Saturday, December 1, 2012

Remember and Celebrate Grace

Last year, I posted a list of goals and intentions for the year.   I kind of chuckle when I look at it now.  Mostly because I didn't accomplish most of it. ;-)  That's not to say that I didn't accomplish things or grow as a person this year...I did!   It just didn't take the shape that I expected it to at the beginning of the year.   And that's OK.   I'm good with it.   I'm not planning to make or publish another list of goals and intentions for this year.   I may still try to chip away at some of those goals and intentions,  I'm just not going to worry myself so much about being able to check things off a nice tidy list.

Rather, I've chosen a broader intention...a theme, if you will...to camp out on this coming year, which has grown out of a number of things I've thought about over the past couple of years already.   Recently, I've seen how those things connect together.  That intersection is something I want to consider and meditate on in this coming year.  That's where my title comes from: 
 
Remember and Celebrate Grace
 
 
Grace
In recent years, it's become apparent to me how much I take the grace of God in my life for granted.  I don't live like someone who has been set free from certain death.  This is apparent to me in my daily life.  I am task focused and more often than not attempting to complete those tasks on my own strengh.  I set legalistic standards for myself to follow (which carries over into my parenting and marriage) and put terrible pressure on myself when I can't perform.  I want to be able to extend grace to those around me (my husband and children first, and then others), but I can't if I don't fully understand how God's grace has been extended to me.
 
Remember
That's why 'remember' is the first idea here.  I want to remember the grace that God has shown me.  I want him to "restore unto me the joy of my salvation".   I want to truly understand the gospel and what it means in my everyday life.  I want it to color my daily life and overflow to those who live around me.  I've started this already by doing a slow, meditative study of the book of Romans...trying to look at it with fresh eyes and letting the truth of it seep into my life.  Other books and resources that have been helpful for influential in this journey so far include Jerry Bridges book The Discipline of Grace and Emily Freeman's Grace for the Good Girl.  I've appreciated Kendra's perspective on grace-full family life over at Preschoolers and Peace too.
 
Celebrate
A couple of the blogs that I like to follow are written by Catholics (especially this one).  One of the things I've noticed as I've followed along with these blogs is the way that they observe the various feasts and festivals of the church year - their year revolves around the rememberence and celebration of what God has done.  So many of their family traditions are wrapped up in these rememberences and celebrations.
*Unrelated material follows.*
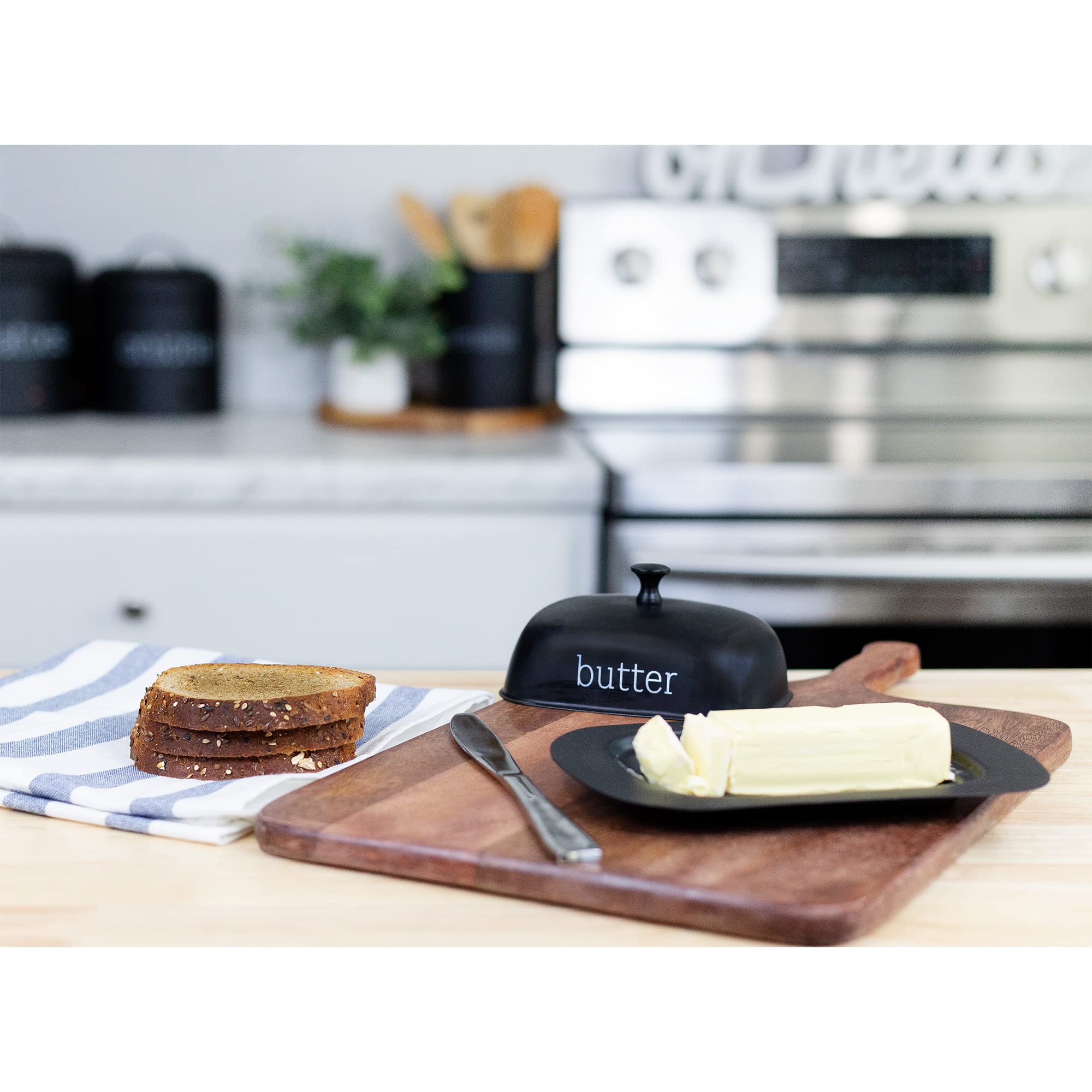 AuldHome Design enamelware black butter dish set in a cozy kitchen scene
And they celebrate in ways that even the very littlest ones among them can understand and enter into the celebration too.  This strikes me as a very beautiful thing, and something that we've lost track of in our American Evangelical Protestant tradition (sadly, in my opinion).  In our family, we've attempted to bring a more Christ-centered focus to our Christmas and Easter celebrations, but this is an idea that I'd like to extend even further.  Starting this year - meaning this Church Year, beginning with this season of Advent - I would like to reflect on the various seasons of the Church Year and consider how we - even as evangelical Protestants from a non-liturgical tradition - can celebrate the extravagant grace He has extended to us and how our family traditions and celebrations can reflect His goodness.   I plan to read and reflect on the book Living the Church Year:Time to Inhabit the Story of God by Bobby Gross this year, with an eye to considering how it can apply to our family in the following 'church year' cycle.   Perhaps some of those meditations will spill over into this space too.

What about you?  Is there a theme that God has laid on your heart for the coming year?   Do you have any favorite resources, practices, or traditions that help you Remember and Celebrate Grace?